The mid-year move is now routine for the University’s Office of Housing, but for the 2007–2008 school year officials took an experimental approach to hotel assignments. In previous years, students living in hotels were mostly first-years, transfers, and those assigned to dorms that were being renovated. Last year, in an effort to keep all freshmen on campus, the Office of Housing promised any upperclassmen who opted to live in a hotel fall semester priority when choosing their housing for the 2008–2009 school year.
“The experiment was very successful,” says Marc Robillard, director of housing. “Come January, many hotel residents did not even need to be reassigned because many went abroad or graduated. It makes it a lot easier, for both the students and the Office of Housing.” Only 64 percent of the hotel residents needed campus housing, and the number of students returning to campus dropped as well, from 544 last year to 282.
Each fall, high freshmen enrollment and ongoing renovations in the residence halls lead to a housing overflow. Since 1994, Boston University has used nearby hotels for students who couldn’t be accommodated on campus. They live in the hotels for the fall semester only. “The student population is always smaller spring semester,” Robillard explains. “Students go abroad, graduate, and withdraw, which creates space for students from the hotels."
The previous situation made adjustment to college harder for the freshmen assigned to the hotels. “A common complaint among freshmen living in the hotels was that they felt disconnected from the campus. They didn’t know the campus as well, and they didn’t feel like they were getting the huge freshman social experience that comes with living in a big residence hall,” Robillard says.
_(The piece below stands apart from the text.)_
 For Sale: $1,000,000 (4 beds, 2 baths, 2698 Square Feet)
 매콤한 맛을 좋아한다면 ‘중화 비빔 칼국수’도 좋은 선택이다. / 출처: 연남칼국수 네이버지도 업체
The experiment of housing upperclassmen in the hotels will likely be continued next year. “It makes better sense,” Robillard says. “Freshmen want that really intense social experience where they meet lots of people, and a place like Warren Towers definitely provides that experience. Sophomores tend to want to live with their friends in a quieter setting.”
Living in the hotels does have some advantages: students get to choose their roommates, and twice-weekly cleaning service, private bathrooms, and air conditioning are also among the perks, Robillard says. Students form their own residence hall associations and hold regular social events, just as their peers in campus housing do.
A often-heard complaint is that students are farther away from campus. Although a shuttle bus travels between the Hyatt and Comm. Ave., Robillard says, it is not always reliable.
By 2009, BU may no longer have to rely on the hotels for housing. Student Village II, scheduled to open in fall 2009, will add 960 beds and enable 85 percent of undergraduates to live on campus. Current on-campus capacity is 10,616, with 77 percent of undergraduates living in campus housing.